Sebab: “Dia menyangka bahwa hartanya itulah yang akan memeliharanya.” (ayat 3).
Dengan harta bendanya itu dia menyangka akan terpelihara dari gangguan
penyakit, dari bahaya terpencil dan dari kemurkaan Tuhan. Karena jiwanya telah
terpukau oleh harta bendanya itu menyebabkan dia lupa bahwa hidup ini akan
mati, sihat ini akan sakit, kuat ini akan lemnh. Menjadi bakhillah dia, kikir
dan mengunci erat peti harta itu dengan sikap kebencian.
“Sekali-kali tidak!” (pangkal ayat 4). Artinya bahwa pekerjaannya
mengumpulkan harta benda itu, yang disangkanya akan dapat memelihara dirinya
dari sakit, dari tua, dari mati ataupun dari azab siksa neraka, tidaklah benar;
bahkan “Sesungguhnya dia akan dihumbankan ke Huthamah,” (ujung ayat 4). Sebab
dia bukanlah seorang yang patut dihargai. Dia mengumpulkan dan menghitung-hitung
harta, namun dia mencela dan menghina dan memburuk-burukkan orang lain,
mengumpat dan menggunjing. Orang itu tidak ada faedah hidupnya. Nerakalah akan
tempatnya. Huthamah nama neraka itu.
“Dan sudahkah engkau tahu?” – ya Utusan Tuhan – “Apakah Huthamah itu?” (ayat
5).
Bersifat pertanyaan dari Tuhan kepada Nabi-Nya untuk menarik perhatian
beliau tentang ngerinya Huthamah itu!
“(Ialah) Api neraka yang dinyalakan.” (ayat 6). Karena selalu dinyalakan,
berarti tidak pernah dibiarkan lindap apinya, bernyala terus, karena ada
malaikat yang dikhususkan kerjanya menjaga selalu kenyalaan itu, lantaran itu
maka berkobarlah dia terus.
“Yang menjulang ke atas segala hati itu.” (ayat 7).

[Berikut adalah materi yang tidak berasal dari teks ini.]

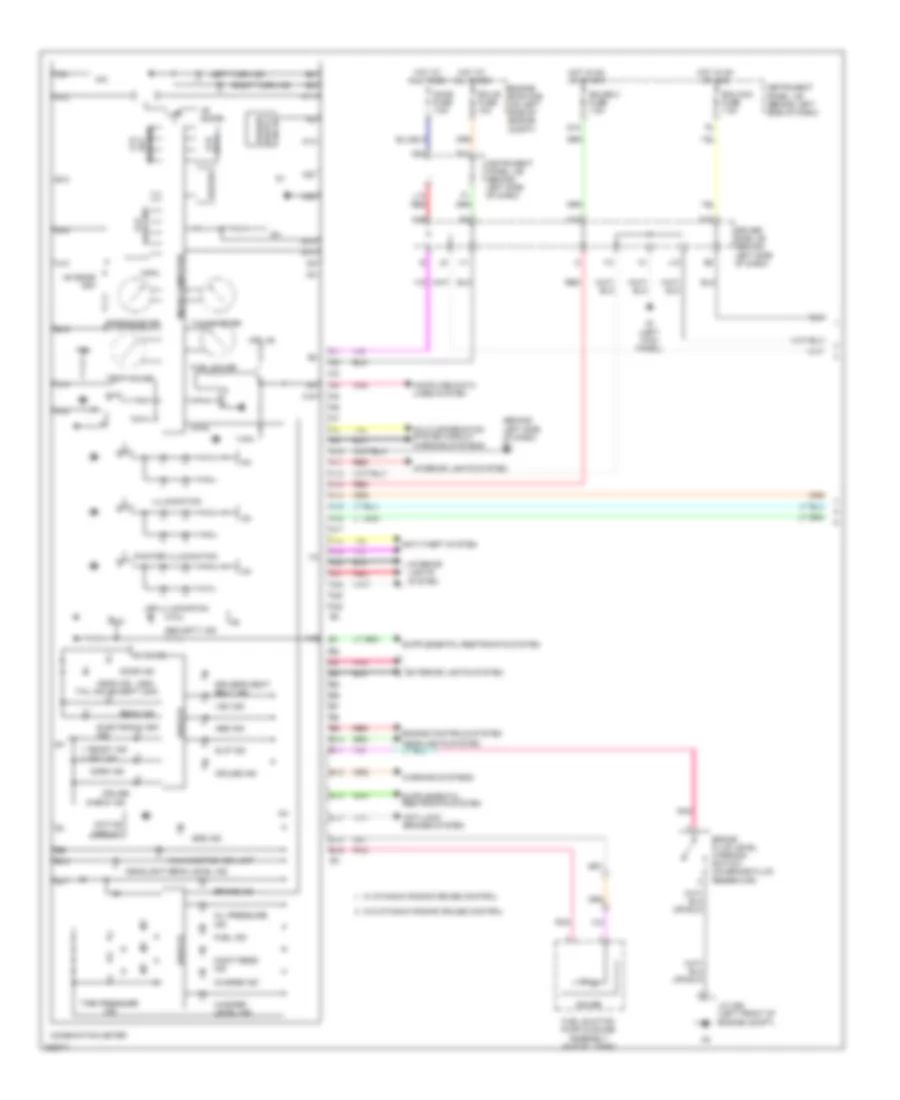 Instrument Cluster Wiring Diagram 1 of 2 for Toyota Avalon Limited 2009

Maka hanguslah selalu, terpangganglah selalu hati mereka itu. Yaitu hati
yang sejak dari masa hidup di dunia penuh dengan kebusukan, merugikan orang
lain untuk keuntungan diri sendiri, menginjak-injak orang lain untuk kemuliaan
diri.
“Sesungguhnya neraka itu, atas mereka dikunci erat.” (ayat 8). Artinya,
setelah masuk ke sana mereka tidak akan dikeluarkan lagi, dikunci mati di
dalamnya: “Dengan palang-palang yang panjang melintang.” (ayat 9).

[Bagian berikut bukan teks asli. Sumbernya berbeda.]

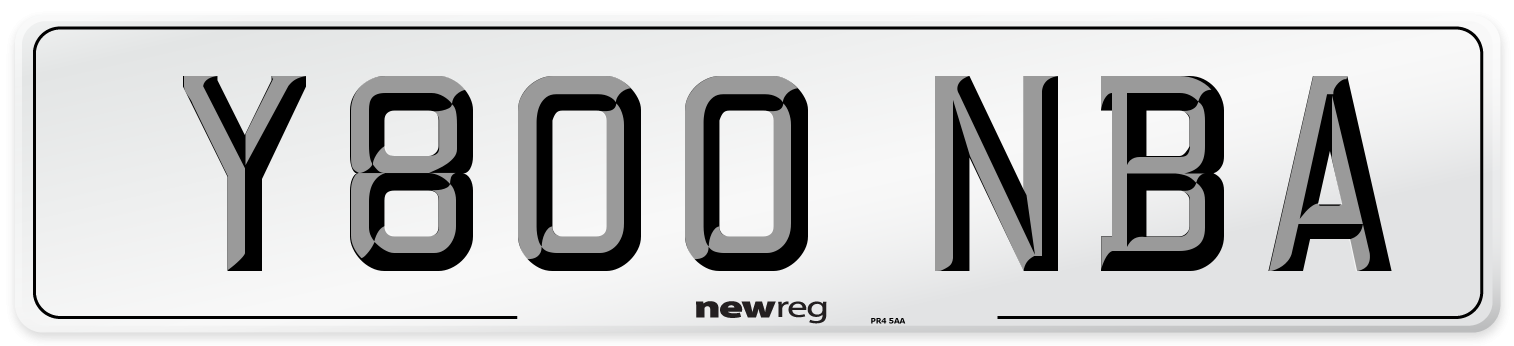Y800 NBA Number Plate from New Reg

Kalau difikirkan secara mendalam, ancaman sekejam ini adalah wajar dan
setimpal terhadap manusia-manusia yang bersifat seperti digambarkan dia dalam
ayat itu: pengumpat pencela, mengumpul harta dan menghitung-hitung, dengan mata
yang jeli melihat ke kiri dan ke kanan, kalau-kalau ada orang yang mendekat
akan meminta. Sikapnya penuh rasa benci. Dan bila harta-benda itu telah masuk
ke dalam simpanannya, jangan diharap akan keluar, kecuali untuk membeli kain
kafannya. Setelah harta itu masuk jauh, jangan seorang jua pun yang tahu. Maka
hukuman yang akan diterimanya kelak, yaitu dimasukkan ke dalam neraka yang
bernama Huthamah, yang apinya bernyala terus, dan nyala api itu akan membakar
jantung hatinya selalu, hati yang penuh purbasangka. Semua itu adalah ancaman
yang sepadan.
Dan kemudian pintu neraka Huthamah itu ditutup rapat-rapat, setelah mereka
berada di dalamnya, dikunci pula mati-mati, bahkan diberi palang yang panjang
melintang sehingga tidak dapat dihungkit lagi, seimbang pulalah dengan sikap
mereka tatkala di dunia dahulu, mengunci rapat pura pundi-pundi atau peti
uangnya, yang tidak boleh didekati oleh siapa saja.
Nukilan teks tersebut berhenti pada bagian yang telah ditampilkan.